Next month Intel will launch its next-generation Atom processor aimed at tablets and other devices running Windows 8. Code-named Clover Trail, the new dual core processors will be faster than the Medfield chips starting to pop up in smartphones, and they’ll offer better graphics performance.
But they’re still low-power chips designed to offer all-day battery life. In other words, you’ll get iPad-like battery life on a tablet designed to run the full Windows 8 operating system.
Part of the magic comes from a new power state called S0ix or “active idle.” When a computer is in this state, it will use 20 times less power than when it’s “on” and idling.
But unlike sleep and hibernate modes, when a computer is in S0ix it will be connected to the internet, which lets you receive incoming notifications.
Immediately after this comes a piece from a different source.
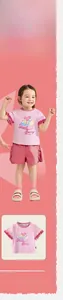 Détail d'un ensemble en coton rose pour fille avec volants et imprimé Sweet Bunny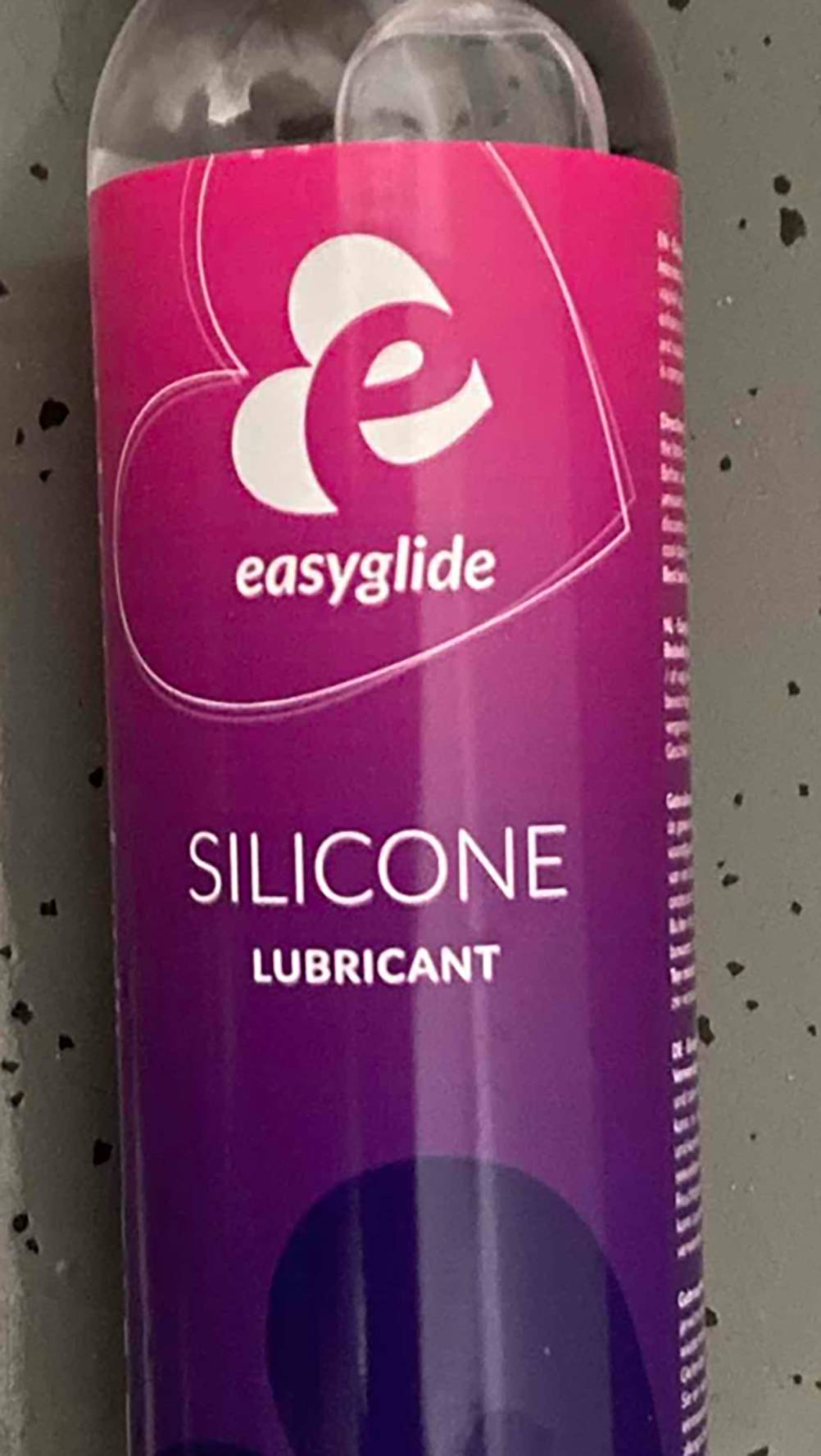 Nahaufnahme des Labels einer Flasche des getesteten Silikon-Gleitgels.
You’ll also be able to resume from active idle nearly instantaneously, much the way ARM-based phones and tablets seem to turn on instantly when you press the power button — because they were never really off.
Active idle will also be part of Intel’s upcoming Haswell chips, which are the fourth-generation Core family products due out in 2013. But it will shower up first in Clover Trail CPUs this fall.
In terms of pure processing power, an Intel Atom Clover Trail chip probably won’t be much more powerful than the N2600 and N2800 Cedar Trail chips used in netbooks today. But since Clover Trail was designed to play well with Windows 8, it will take advantage of new features in the operating system to balance performance and battery life — and Clover Trail tablets might feel faster than existing netbooks, much the way an iPad or Android tablet can sometimes feel like it’s faster than a notebook, even if it actually has a slower CPU.
I’m still looking forward to spending some quality time with a Clover Trail system, but the HP Envy X2 I got a chance to play with recently certainly didn’t feel sluggish. If it can really get up to 10 hours of battery life and if it’s sold for a reasonable price, Clover Trail chips might help Windows 8 tablets fill a middle ground between ARM-based tablets and higher-priced computers with high performance x86 chips.